# Hello from Michigan! :)



## WhiskersNquills (Apr 3, 2012)

Hello everyone! I'm excited to have joined this forum. I have owned mice on and off since I was a little girl and think they're such cute little critters. I am a hedgehog breeder and recently decided to add mice as a fun little hobby as well. I am starting from pet store mice, as I have not been able to locate any breeders close to me, but hope that with a little time I will know what I'm working with after a couple of breedings.  I am hoping to lean more towards long hair mice, if I am able to find any. I saw one a few months ago at a pet store and have decided to keep watching that particular store closely. *The pet store stalker** I'm not exactly "mouse color savy" or anything yet, but I am sure I will learn a lot through this forum! I look forward to getting to know all of you!


----------



## SarahY (Nov 6, 2008)

Welcome to FMB


----------



## WoodWitch (Oct 18, 2009)

Welcome amongst us


----------



## Laigaie (Mar 7, 2011)

Happy to have you!

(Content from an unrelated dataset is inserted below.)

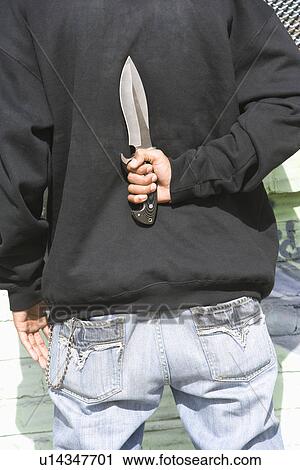 Stock Image - Man holding knife behind back. Fotosearch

Tinyhart in Kansas has a quite nice group of longhairs, but I don't know anyone closer to you with them.


----------



## windyhill (Jan 19, 2010)

Welcome!


----------



## love2read (Aug 30, 2011)

Welcome to the forum!

Where in MI are you? I'm in northern OH and have some uber-fluffy Texel babies you could have. They're all Splash Foxes and are super cute!


----------



## WhiskersNquills (Apr 3, 2012)

love2read said:


> Welcome to the forum!
> 
> Where in MI are you? I'm in northern OH and have some uber-fluffy Texel babies you could have. They're all Splash Foxes and are super cute!


Thanks everyone!

We are in southern MI in the Metro Detroit area, so probably pretty close! I would definately be interested in getting a couple of them from you.


----------



## love2read (Aug 30, 2011)

Awesome! You're a little under 2 hours from me! 

I took pics of one or 2 of them a few days ago, so I'll try and get em resized and uploaded so you can get a sneak preview.

I'll shoot you a PM with more info.


----------